Señor, somos conscientes de que no viniste al mundo para condenarnos, pero muchas veces el miedo nos hace encerrarnos en nosotros mismos, ven e iluminamos porque necesitamos no desesperar y poder dar testimonio de que estás vivo, enséñanos qué es aquello que nos estás pidiendo en estos momentos y concédenos poder responder confiados en tu protección firme y constante.

(P. JLSS)

MARTES – SEMANA IV DE PASCUA


(Hch 11, 19-26 / Sal 86 / Jn 10, 22-30)

“Mis ovejas escuchan mi voz; yo las conozco y ellas me siguen…” Contemplar a Jesucristo como nuestro Pastor implica el reconocimiento de que él «nos conoce», sabe cuando estamos asustados, tenemos miedo, nos sentimos impotentes, estamos alegres, cansados, agobiados por algo… que siempre está al pendiente de nosotros.

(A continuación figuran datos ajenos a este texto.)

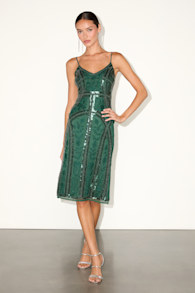 Alluring Interest Green Sequin Embroidered Sleeveless Midi Dress 1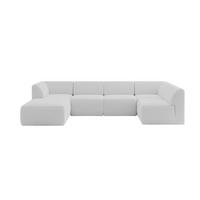 WOHNLANDSCHAFT Ottomane Links MOVO-L 345x180x78 cm Hellgrau Bouclé - Anthrazit, Holzwerkstoff/Kunststoff (345/78/180cm) - ALTDECOR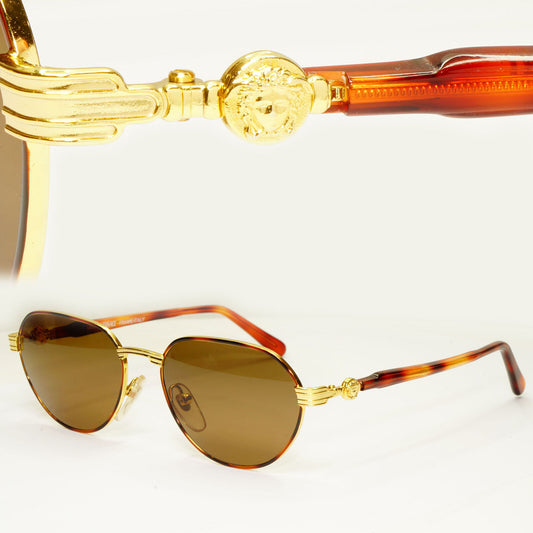 Gianni Versace 1995 Vintage Gold Medusa Unisex Brown Sunglasses MOD G52 COL 14L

¿Cómo te encuentras en estos momentos? ¿Le presentas tus necesidades al Señor o te se las escondes con justificaciones teóricas? Él está vivo y presente en medio de nosotros, él mismo lo dijo: “Yo les doy la vida eterna y no perecerán jamás; nadie las arrebatará de mi mano.” Aferrémonos a él, él es quien nos dará la paz y tranquilidad que todos necesitamos en estos momentos.

La comunidad de Antioquía daba testimonio de que tenían puesta su seguridad en Cristo, a tal grado que “allí, en Antioquía, fue donde por primera vez los discípulos recibieron el nombre de «cristianos»”, la fe que profesaban se les notaba en el modo de vivir. Por ello cuando llega Bernabé, “viendo la acción de la gracia de Dios, se alegró mucho; y como era hombre bueno, lleno del Espíritu Santo y de fe, exhortó a todos a que, firmes en su propósito, permanecieran fieles al Señor.”

Debemos pedirle al Señor que aumente nuestra fe en su presencia en medio de nosotros, no podemos permitir que el miedo nos haga dudar y tener una actitud similar a la de los judíos del Evangelio: “¿Hasta cuándo nos vas a tener en suspenso? Si tú eres el Mesías, dínoslo claramente…” cerremos nuestros ojos y digámosle al Señor: “Aquí estoy Señor, sé que estás conmigo, pero necesito que disipes toda mi ansiedad y la incomprensión que estoy viviendo en estos momentos, sé que estás conmigo y me conoces, por eso me abandono a tu acción, lléname con tu Espíritu para tener la tranquilidad que sólo tú me puedes dar. Amén.”